OJS OCS OMP OHS

You are viewing the PKP Support Forum | PKP Home Wiki



Building a thematic harvester with Harvester2

Open Harvester Systems support questions and answers, bug reports, and development issues.

Moderators: jmacgreg, michael, John

Forum rules
Developer Resources:

Git: You can access our public Git Repository here. Comprehensive Git usage instructions are available on the wiki.

Bugzilla: You can access our Bugzilla report tracker here.

Search: You can use our Google Custom Search to search across our main website, the support forum, and Bugzilla.

Questions and discussion are welcome.

Building a thematic harvester with Harvester2

Postby obi » Mon Jun 23, 2008 5:55 am

We are planning using PKP Harvester2 to build a thematic harvester. We have three categories of data we would like to harvest:

1.Those we would like to harvest their entire repository or set. The function is already in harvester2.

2.Those repositories we would preprocess their records and each record automatically loaded into Harvester2 if the record contains “SURE” specific scientific names. As I understand, this can be achieve by editing “RegexPreprocessorPlugin.inc.php “.

3.Those repositories we would preprocess their records and if a record contains “UNSURE” scientific names, the records will be deposited into a temp database for manual checking and if OK, then the record will be later loaded into Harvester2

Has anyone done point 2 and 3 this before? Any suggestions or examples are highly welcomed.

Thanks in advance.
Obi
University of Tromsø
obi
 
Posts: 52
Joined: Wed Jun 09, 2004 5:56 am

Re: Building a thematic harvester with Harvester2

Postby asmecher » Mon Jun 23, 2008 5:00 pm

Hi Obi,

1) and 2) should be pretty straight-forward, and your suggested approach is fine; the 3rd point will be the one that takes some further thought. What kind of review of the record contents will be necessary? Will it be corrected at the source end and then re-harvested?

Regards,
Alec Smecher
Public Knowledge Project Team
asmecher
 
Posts: 8860
Joined: Wed Aug 10, 2005 12:56 pm

Re: Building a thematic harvester with Harvester2

Postby obi » Tue Jun 24, 2008 1:57 am

For 3rd point (UNSURE process)
We were thinking of having a list of scientific terms (words) in an SQL table; call it “unsureWordmatching” table. If a record and its title, abstract, subject, description or url metadata values matches any of the scientific terms in “unsureWordmatching”, we deposit the record in a temp table. Manual check is done against the temp table. If we are satisfied that the record in the temp table should go to harvester2, we either:

1. Insert the record and all its info into Harvester or
2. Insert its unique id (e.g. url) in a SURE sql table and use the id info to re-harvest next time.

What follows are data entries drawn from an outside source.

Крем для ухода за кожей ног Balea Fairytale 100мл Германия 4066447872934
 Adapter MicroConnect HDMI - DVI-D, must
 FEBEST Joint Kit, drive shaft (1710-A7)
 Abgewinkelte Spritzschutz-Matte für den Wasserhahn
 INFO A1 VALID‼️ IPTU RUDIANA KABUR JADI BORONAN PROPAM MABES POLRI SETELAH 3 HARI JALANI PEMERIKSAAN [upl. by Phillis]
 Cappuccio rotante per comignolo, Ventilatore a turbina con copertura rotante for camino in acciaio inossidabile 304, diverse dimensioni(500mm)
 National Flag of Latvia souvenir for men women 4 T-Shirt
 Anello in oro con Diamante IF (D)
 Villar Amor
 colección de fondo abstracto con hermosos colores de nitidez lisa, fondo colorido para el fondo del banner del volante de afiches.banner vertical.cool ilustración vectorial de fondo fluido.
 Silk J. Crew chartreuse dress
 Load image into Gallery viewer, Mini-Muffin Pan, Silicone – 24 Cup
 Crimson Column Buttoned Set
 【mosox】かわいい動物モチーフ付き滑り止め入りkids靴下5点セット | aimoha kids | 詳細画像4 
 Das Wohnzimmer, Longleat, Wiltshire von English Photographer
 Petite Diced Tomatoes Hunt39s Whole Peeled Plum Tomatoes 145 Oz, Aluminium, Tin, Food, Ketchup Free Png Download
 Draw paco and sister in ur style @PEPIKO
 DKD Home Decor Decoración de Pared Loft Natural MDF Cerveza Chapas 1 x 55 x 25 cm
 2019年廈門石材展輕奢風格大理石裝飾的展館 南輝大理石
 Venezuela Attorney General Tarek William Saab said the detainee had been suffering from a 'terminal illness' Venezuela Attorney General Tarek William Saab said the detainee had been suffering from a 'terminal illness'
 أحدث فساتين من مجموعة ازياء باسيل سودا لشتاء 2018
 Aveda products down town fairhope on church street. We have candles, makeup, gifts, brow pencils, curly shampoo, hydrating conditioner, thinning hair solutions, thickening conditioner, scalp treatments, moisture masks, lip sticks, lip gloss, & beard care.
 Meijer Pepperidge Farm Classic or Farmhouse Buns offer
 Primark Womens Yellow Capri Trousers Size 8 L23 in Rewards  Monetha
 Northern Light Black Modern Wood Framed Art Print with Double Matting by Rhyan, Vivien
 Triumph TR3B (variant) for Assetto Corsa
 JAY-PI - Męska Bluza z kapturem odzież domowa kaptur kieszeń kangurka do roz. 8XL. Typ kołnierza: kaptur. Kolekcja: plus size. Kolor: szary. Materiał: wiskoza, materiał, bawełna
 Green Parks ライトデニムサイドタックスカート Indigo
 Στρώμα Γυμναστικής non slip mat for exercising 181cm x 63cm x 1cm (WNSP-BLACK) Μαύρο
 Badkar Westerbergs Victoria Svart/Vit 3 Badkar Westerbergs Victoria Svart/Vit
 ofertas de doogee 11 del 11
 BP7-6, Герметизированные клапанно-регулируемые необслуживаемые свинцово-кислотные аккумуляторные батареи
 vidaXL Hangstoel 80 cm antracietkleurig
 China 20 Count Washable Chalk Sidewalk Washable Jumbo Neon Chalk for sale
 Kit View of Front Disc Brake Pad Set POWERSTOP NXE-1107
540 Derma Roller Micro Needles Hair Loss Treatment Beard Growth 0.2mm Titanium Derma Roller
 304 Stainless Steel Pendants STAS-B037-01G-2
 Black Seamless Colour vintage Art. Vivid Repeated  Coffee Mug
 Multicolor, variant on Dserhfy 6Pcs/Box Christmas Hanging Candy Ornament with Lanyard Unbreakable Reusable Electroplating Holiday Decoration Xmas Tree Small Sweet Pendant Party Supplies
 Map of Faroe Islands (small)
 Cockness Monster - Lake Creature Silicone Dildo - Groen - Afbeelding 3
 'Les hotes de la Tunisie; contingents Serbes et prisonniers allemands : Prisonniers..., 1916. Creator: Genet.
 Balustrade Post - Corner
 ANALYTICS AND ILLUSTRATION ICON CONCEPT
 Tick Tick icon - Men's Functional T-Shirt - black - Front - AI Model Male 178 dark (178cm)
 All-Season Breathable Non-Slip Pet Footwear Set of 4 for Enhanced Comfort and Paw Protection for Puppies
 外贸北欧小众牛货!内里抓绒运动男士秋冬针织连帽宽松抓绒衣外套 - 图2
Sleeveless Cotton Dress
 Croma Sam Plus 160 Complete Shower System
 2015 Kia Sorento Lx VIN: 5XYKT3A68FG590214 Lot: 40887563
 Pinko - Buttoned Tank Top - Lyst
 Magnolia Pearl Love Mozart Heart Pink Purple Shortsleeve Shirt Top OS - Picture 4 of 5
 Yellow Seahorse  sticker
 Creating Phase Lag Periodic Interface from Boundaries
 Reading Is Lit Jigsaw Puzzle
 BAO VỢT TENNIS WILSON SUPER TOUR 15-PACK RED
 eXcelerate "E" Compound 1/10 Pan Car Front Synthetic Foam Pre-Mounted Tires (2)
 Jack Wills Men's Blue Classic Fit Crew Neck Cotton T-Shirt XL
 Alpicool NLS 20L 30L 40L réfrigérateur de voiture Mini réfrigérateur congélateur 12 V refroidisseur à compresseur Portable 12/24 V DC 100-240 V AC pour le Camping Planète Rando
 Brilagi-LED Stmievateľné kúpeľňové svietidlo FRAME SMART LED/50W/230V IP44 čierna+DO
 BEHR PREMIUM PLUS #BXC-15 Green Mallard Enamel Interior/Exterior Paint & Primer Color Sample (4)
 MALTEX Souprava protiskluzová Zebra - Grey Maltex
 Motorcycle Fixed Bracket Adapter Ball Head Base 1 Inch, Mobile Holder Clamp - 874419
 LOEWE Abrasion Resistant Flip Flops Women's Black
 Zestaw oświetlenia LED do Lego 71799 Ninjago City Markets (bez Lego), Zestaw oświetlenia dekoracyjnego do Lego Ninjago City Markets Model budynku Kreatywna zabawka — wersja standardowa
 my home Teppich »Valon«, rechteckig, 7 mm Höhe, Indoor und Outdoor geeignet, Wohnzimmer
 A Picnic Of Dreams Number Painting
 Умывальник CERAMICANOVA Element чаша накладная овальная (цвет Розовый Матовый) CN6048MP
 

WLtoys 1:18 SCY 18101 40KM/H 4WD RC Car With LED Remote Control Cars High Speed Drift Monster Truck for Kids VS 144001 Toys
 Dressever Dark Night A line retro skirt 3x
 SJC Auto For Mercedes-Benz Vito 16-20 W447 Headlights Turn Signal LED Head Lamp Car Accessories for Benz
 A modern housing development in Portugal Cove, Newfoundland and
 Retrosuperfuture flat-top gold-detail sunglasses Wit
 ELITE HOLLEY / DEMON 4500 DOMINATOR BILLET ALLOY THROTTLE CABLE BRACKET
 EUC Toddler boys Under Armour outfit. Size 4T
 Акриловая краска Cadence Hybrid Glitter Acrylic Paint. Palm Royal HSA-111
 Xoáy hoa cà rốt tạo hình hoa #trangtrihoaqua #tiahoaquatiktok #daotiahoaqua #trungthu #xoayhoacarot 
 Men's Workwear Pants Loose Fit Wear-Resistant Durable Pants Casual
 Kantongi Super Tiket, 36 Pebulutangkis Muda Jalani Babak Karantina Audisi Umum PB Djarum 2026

It is the SURE table that will be used by “RegexPreprocessorPlugin.inc.php“ to determine those records that are automatically loaded into Harvester2.

What do you think about the two alternatives?

I am still studying the implementation of harvester2. How can I extract from the variable “$value” in /plugins/preprocessors RegexPreprocessorPlugin.inc.php and assign the value of title, abstract, subject, description, url. metadata to new variables like $tem_title, $new_abstract, …..?

Thanks
Obi
obi
 
Posts: 52
Joined: Wed Jun 09, 2004 5:56 am

Re: Building a thematic harvester with Harvester2

Postby asmecher » Fri Jun 27, 2008 2:47 am

Hi Obi,

I would suggest merely tracking the record's identifier, along with a text dump of all the data you need to review in whatever format is most convenient, in the temp table. Then you'll need to add some code to the harvester's archive management form to allow the user to enter a single ID for harvesting -- this shouldn't be too much work, once you've got your head wrapped around the code, and it would probably be useful for the community if you're able to contribute the implementation back.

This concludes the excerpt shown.